Back in July, former Jefferies & Co. Managing Director and securities trader, Jesse Litvak, was sentenced to two years in prison for lying to clients about mortgage-backed securities, making him the first person to be convicted of fraud in relation to a $20 billion U.S. Treasury Department’s Troubled Asset Relief Program. But this rare case, where a securities trader got hard time, could soon change.
According to an article in Reuters, a federal appeals court signaled that Litvak has a good chance to overturn his conviction.

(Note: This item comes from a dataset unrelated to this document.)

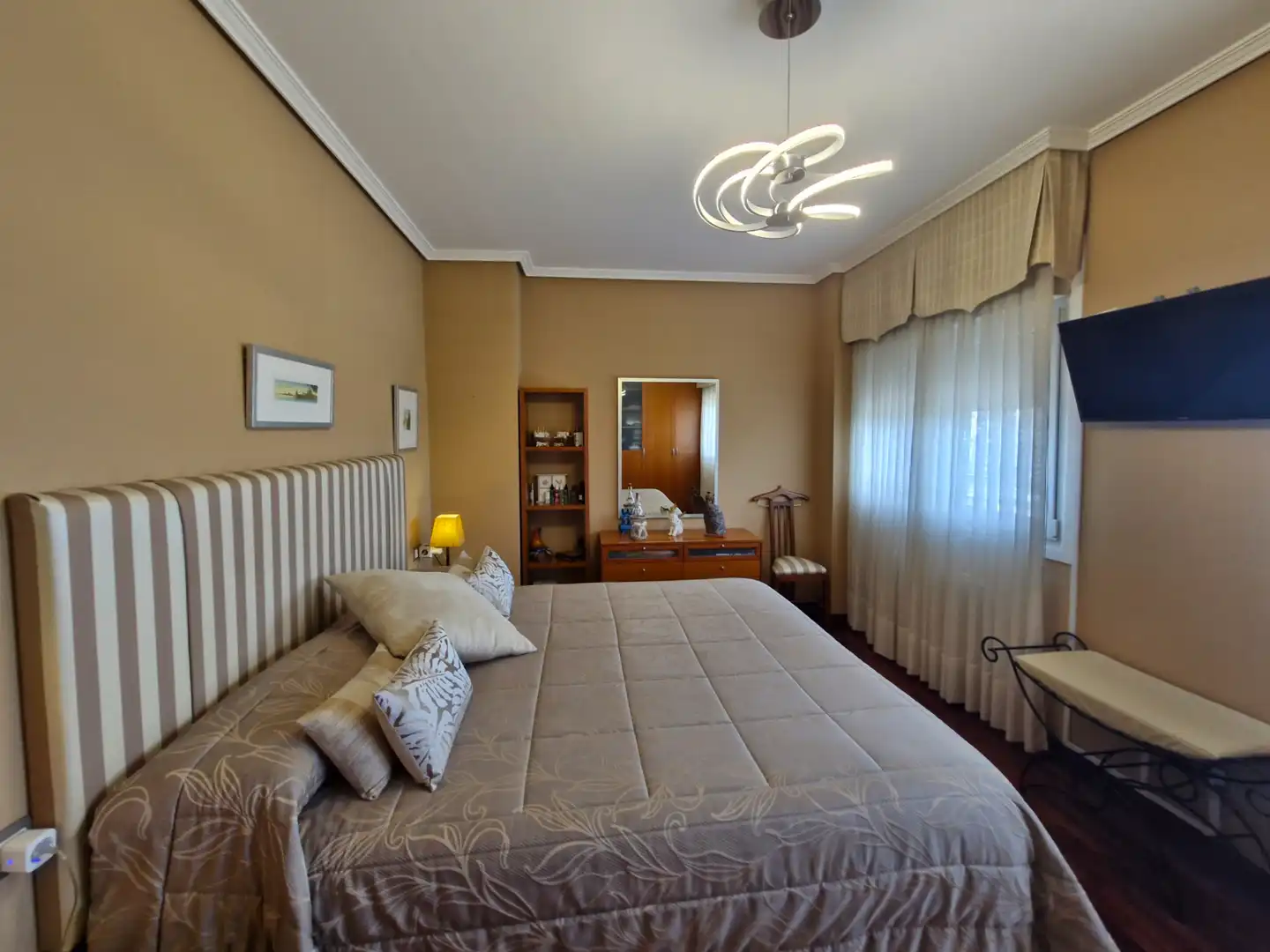 Habitación de Piso de alquiler en Derio con Calefacción, Parquet y Amueblado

The article stated that the 2nd U.S. Circuit Court of Appeals on Friday granted Litvak's bid to stay out of prison while he appeals his March 7 conviction by a federal jury in New Haven, Connecticut
Litvak claimed that his customers were professionals who would have known if they were overpaying. He also said he had acted in good faith, using sales tactics that were common at Jefferies and approved by his supervisors.
In court papers, Kannon Shanmugam, a partner at Williams & Connolly representing Litvak, said jurors erred in finding that Litvak's alleged misrepresentations were material, and were instructed incorrectly by Chief Judge Janet Hall of the Connecticut district court on fraudulent intent.
He also said Hall wrongly excluded expert witness testimony on materiality and good faith, and testimony that Litvak's sales tactics had been in "widespread use" at Jefferies.
Litvak’s conviction was the first one to be tied to the Public-Private Investment Program. The program used TARP funds to spur investments in RMBS after the 2008 housing and financial crisis.